In January, assemblyman Mel Stephens asked the borough to waive that privilege and release the emails into the public record. "Let's go ahead and release these; certainly no harm is going to come from saying we're releasing them," Stephens said Thursday night.
The assembly disagreed, but the Kodiak Daily Mirror has obtained copies of the emails.
While the emails reveal borough employees had concerns about the hiring, they do not show deliberate manipulation of borough code to bypass hiring rules.
Starting in May 2012, Lynch, as the sole employee of Kodiak Construction Services, was hired by then-borough manager Rick Gifford to work as a project manager on the proposed long-term care facility, the landfill expansion and other significant projects.
Gifford resigned soon after, and the issue of Lynch's hiring was dumped on the desk of Bud Cassidy, later named Gifford's permanent replacement. When Lynch's hiring drew the ire of the assembly, she resigned from her project manager position. Her time as project manager was worth approximately $38,000, according to bills submitted to the borough.
When the Lynch contract was revealed to the public, the Kodiak Daily Mirror officially requested access to emails leading up to the hiring. This request was turned down by borough officials who cited attorney-client privilege.
The eight emails cover a span of time from June 14 — shortly after Cassidy became interim borough manager — to Sept. 26, immediately before the first public assembly discussion of the contract.
"Say, one of the things that Rick left on his list of outstanding issues is Assembly member Chris Lynch involvement (through contract - do you have a copy?) with Borough projects," wrote Cassidy to Brooking on June 14. "I am not sure where you may be on this research, but it is something of high interest."
Five days later, Brooking replied: "This is an interesting question, but I have concluded that contracting with Chris Lynch's company is acceptable."
To support her assertion, Brooking attached a memorandum referencing relevant state and borough rules. That memo concluded with her key argument: "The Assembly Member is providing services that are unrelated to her official duties as an elected Assembly Member, and the Borough is not prohibited from contracting with the company for project management services."
With the hiring settled, borough staff asked whether the way Lynch was being paid fell outside the rules. Lynch was hired on a single contract but was allowed to issue purchase orders of up to $25,000 for each of nine projects she oversaw. According to borough rules at the time, any contract over $25,000 required assembly approval.
Did Lynch's contract violate that rule?
"It does look pretty bad though," wrote borough finance manager Karl Short on July 18. "I know if I was an assembly member or an outside auditor, I would ask what is going on."
Brooking agreed with those concerns in a Sept. 25 email. "This arrangement is a bit 'loose,'" she wrote.
Later, however, she said the borough did not violate its own rules.
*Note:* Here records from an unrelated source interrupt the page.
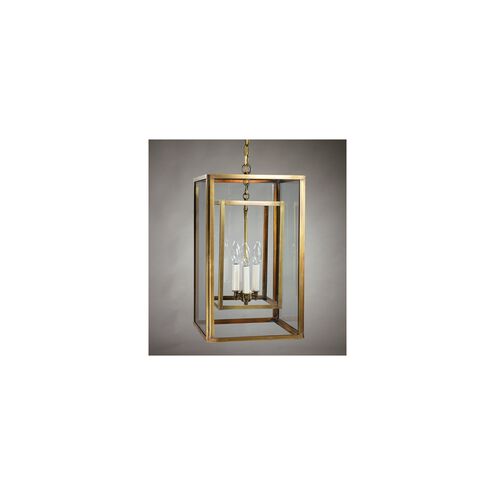 Transitional 3 Light 12 inch Antique Brass Hanging Lantern Ceiling Light in Seedy Marine Glass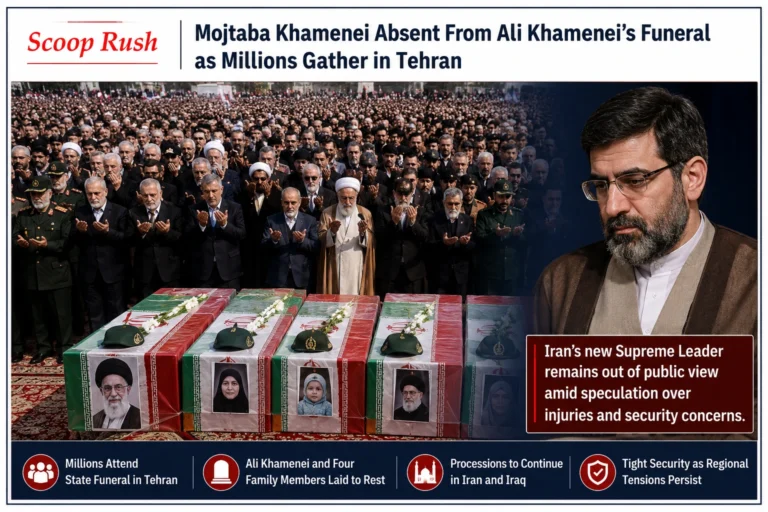 Iran’s Supreme Leader Mojtaba Khamenei Absent From Ali Khamenei’s Funeral as Millions Gather in Tehran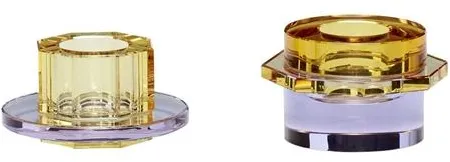 Hübsch Kiosk Kerzenhalter Bernsteinfarben/Lila Set mit 2
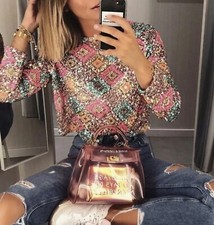 Top zara paillettes cropped - paillettes,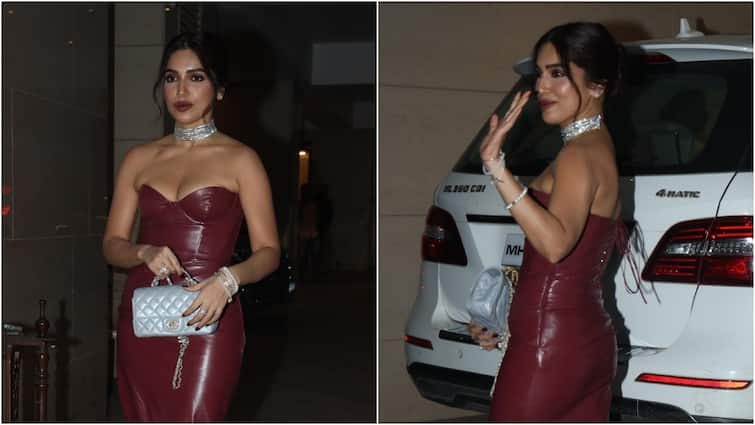 Bhumi Pednekar Brings Holiday Glamour In Burgundy Strapless Dress, See All Pics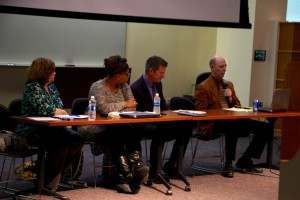 Media studies professor Lisa Burns, associate political science professor Khalilah Brown-Dean and political science professors Sean Duffy and Scott McLean moderated the discussion.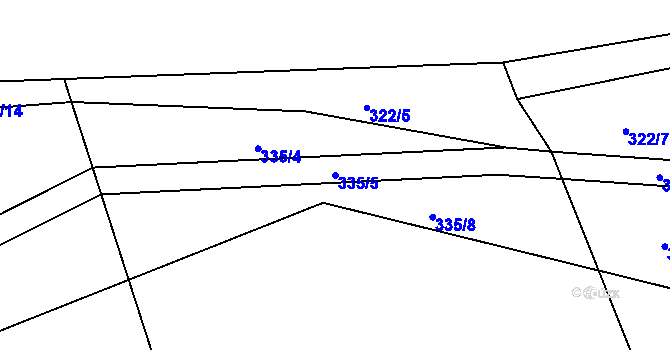 Parcela st. 335/5 v KÚ Brantice, Katastrální mapa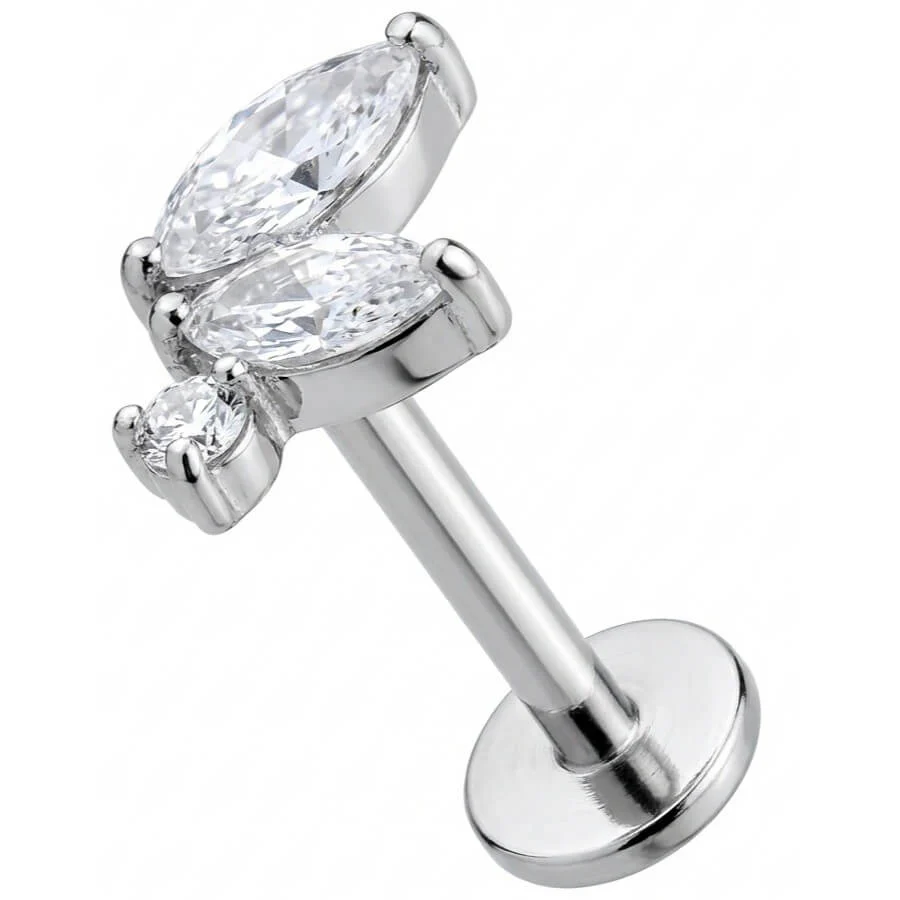 Titan Labret Marquise Kristall Blatt Cluster Innengewinde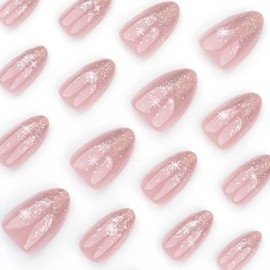 Short Press on Nails Almond Fake Nails with Star Glitter Designs Glue on Nails Light Pink Full Cover Nails Press ons Glossy False Nails Cute Artificial Stick on Nails for Women Girls 24Pcs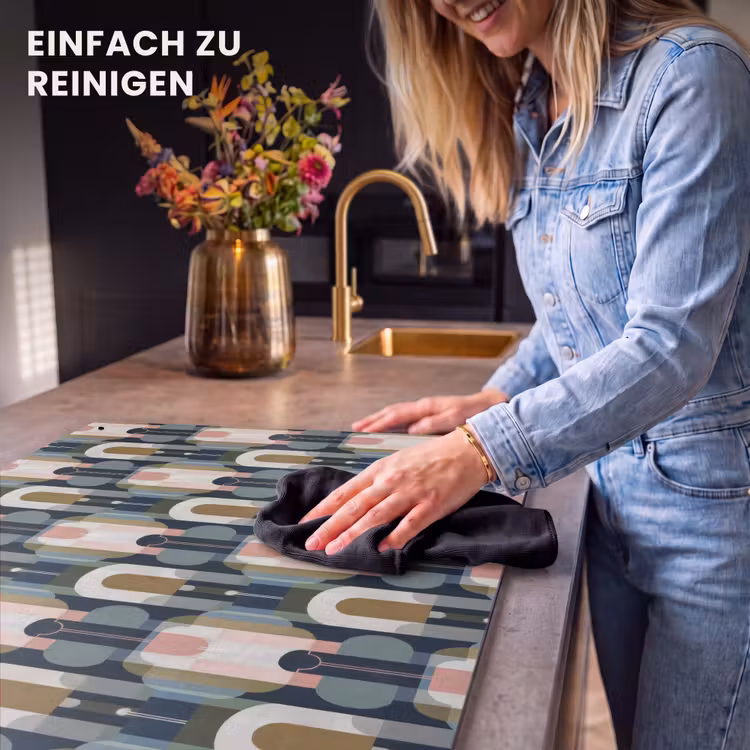 2-in-1 Herdabdeckplatte & Spritzschutz - Geografisch - Modern - Farbenfroh - Geografisch - Modern - Kleurrijk Inductie beschemer met haakjes klein 777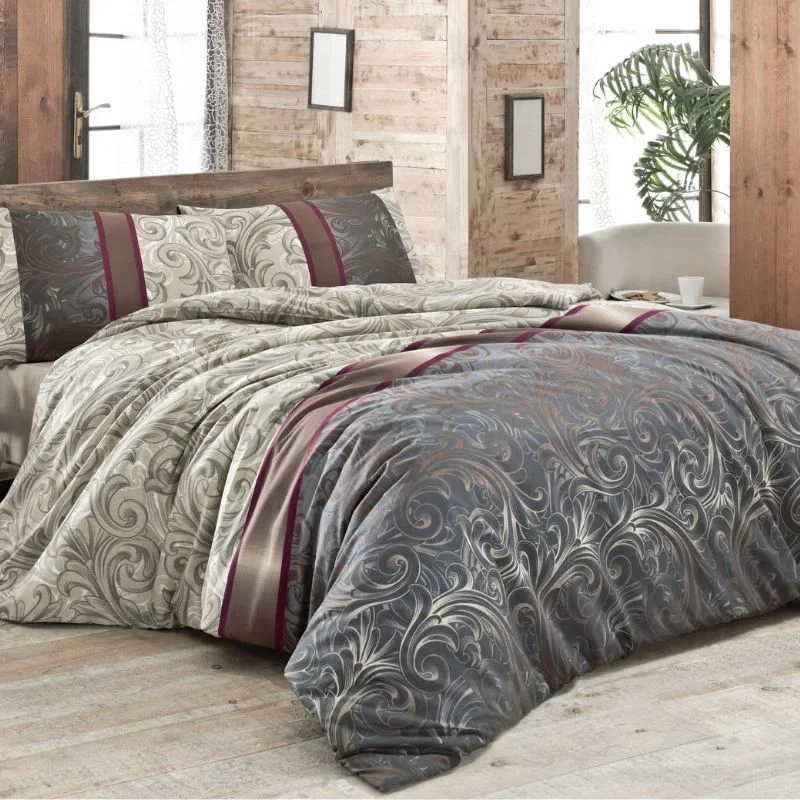 Set lenjerie bumbac Hurrem - Gri, 200x220 cm, 2 fete de perna [0]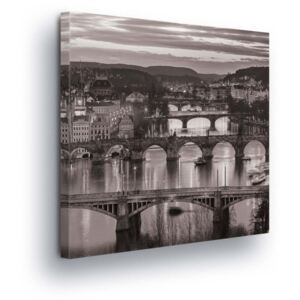 Obraz na plátně GLIX - Černobílá Praha 40x40 cm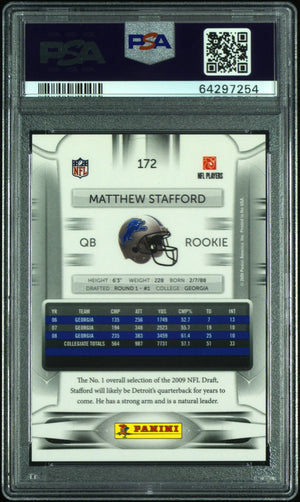2009 Playoff Prestige Matthew Stafford Draft Day Photo RC Rookie PSA 10 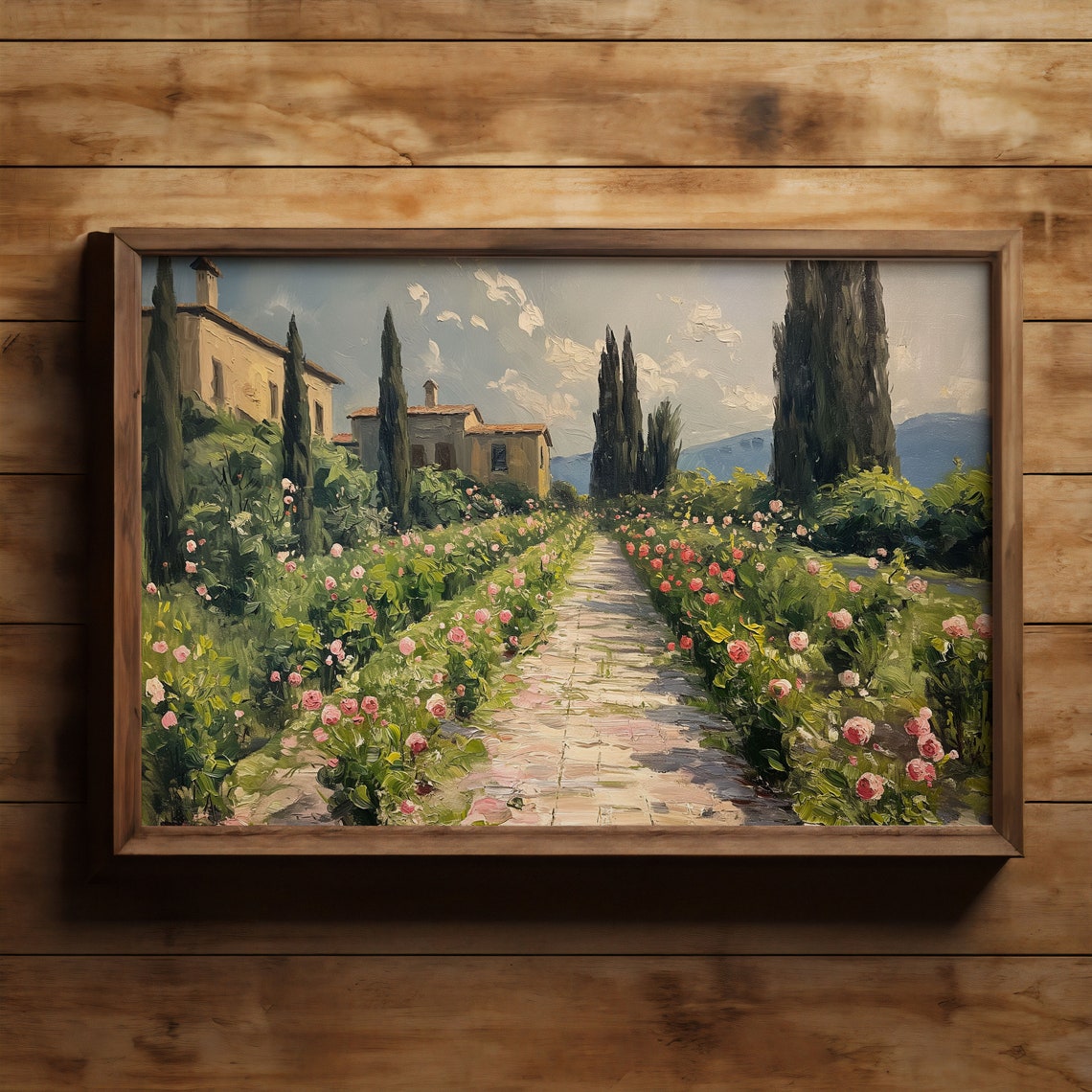 Wildflower Field Vintage Landscape Print Italy Landscape Print Countryside Art Landscape Painting Country Field Decor Wildflower Print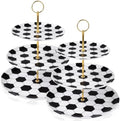 2 Pack 3 Tier Soccer Cupcake Stand 12" 10" 8" Black and White Melamine Tiered Serving Tray with Metal Stand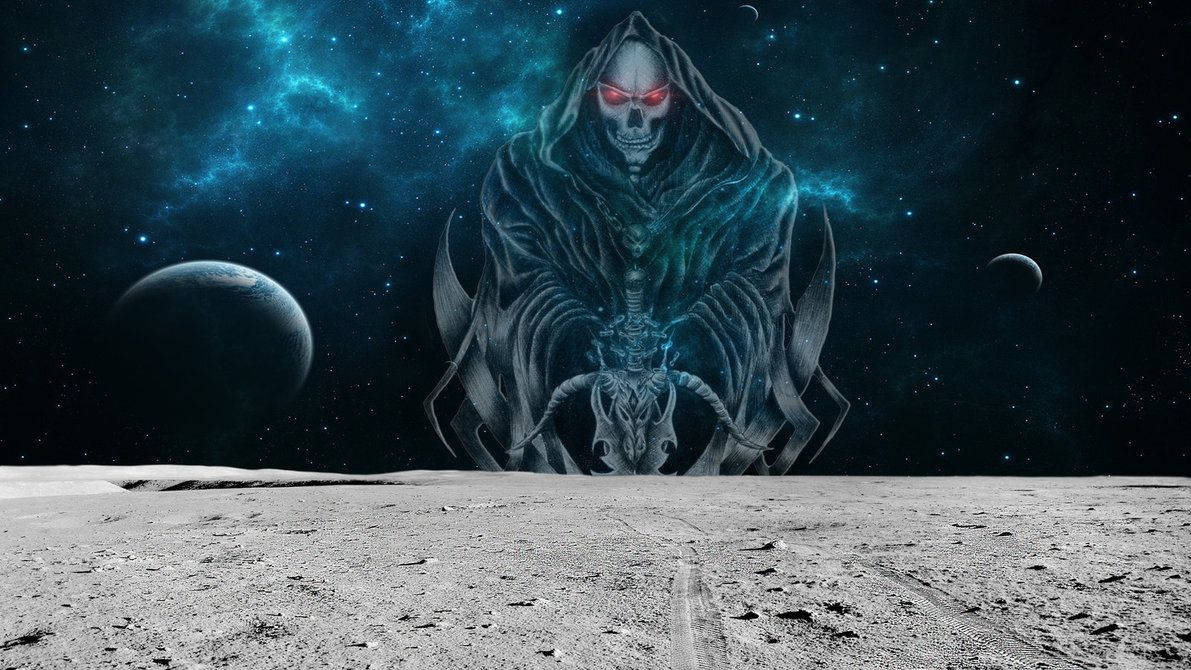 Grim Reaper Galaxy, skeletal figure, glowing red eyes, SD Desktop Wallpaper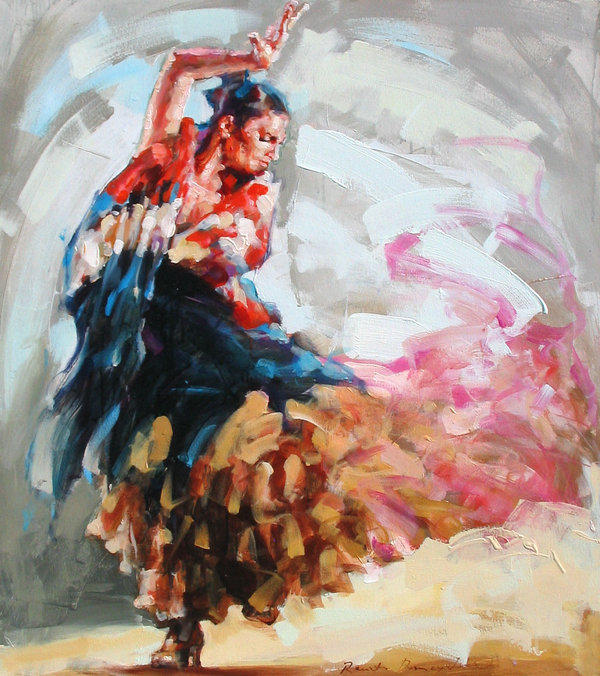 600x676 Flamenco In The Painting By Renatadomagalska - Flamenco Painting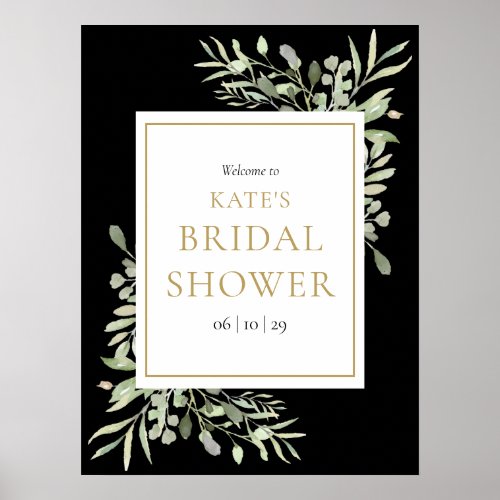 Black Gold Greenery Bridal Shower Welcome Poster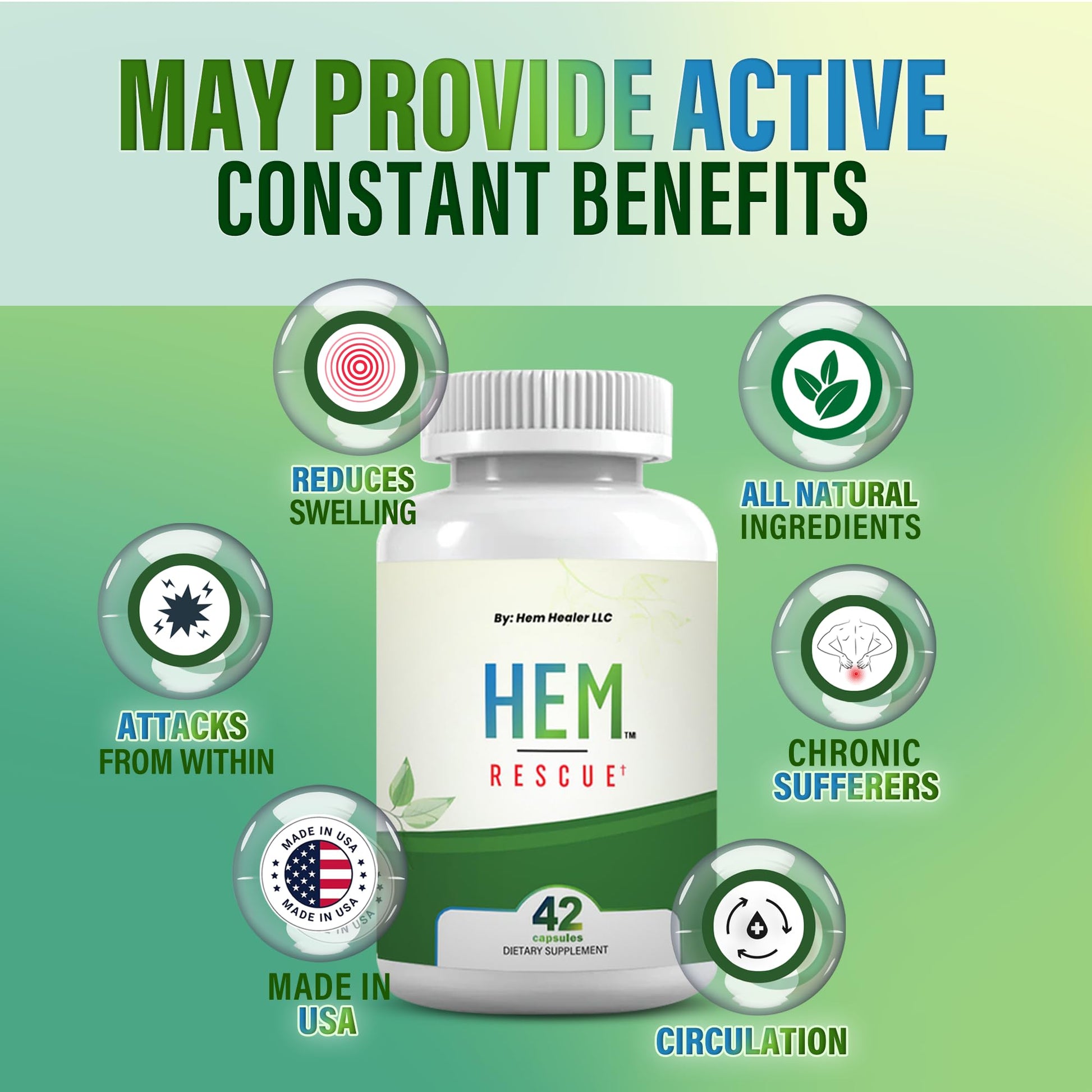 Hem Healer Hem Rescue Hemorrhoid Treatment Supplement - All Natural, Reduces Discomfort & Swelling, Boosts Blood Flow, Oral Botanical Blend, Made in USA - (1 Bottle Pack) - Maple Wellness Supplements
In a memo dated Sept. 26, Brooking wrote: "If it is treated as a single contract, it would be limited to $25,000 for total work done by the company, but it appears the intent was to treat the work done for each project as a separate contractual project."
While the email release addresses several outstanding questions, it does not answer how the hiring came about. In an email to Cassidy, borough information technology manager Paul VanDyke said he was unable to find any emails between former manager Gifford and Brooking about the Lynch contract. "They either don't exist or have been deleted," VanDyke wrote.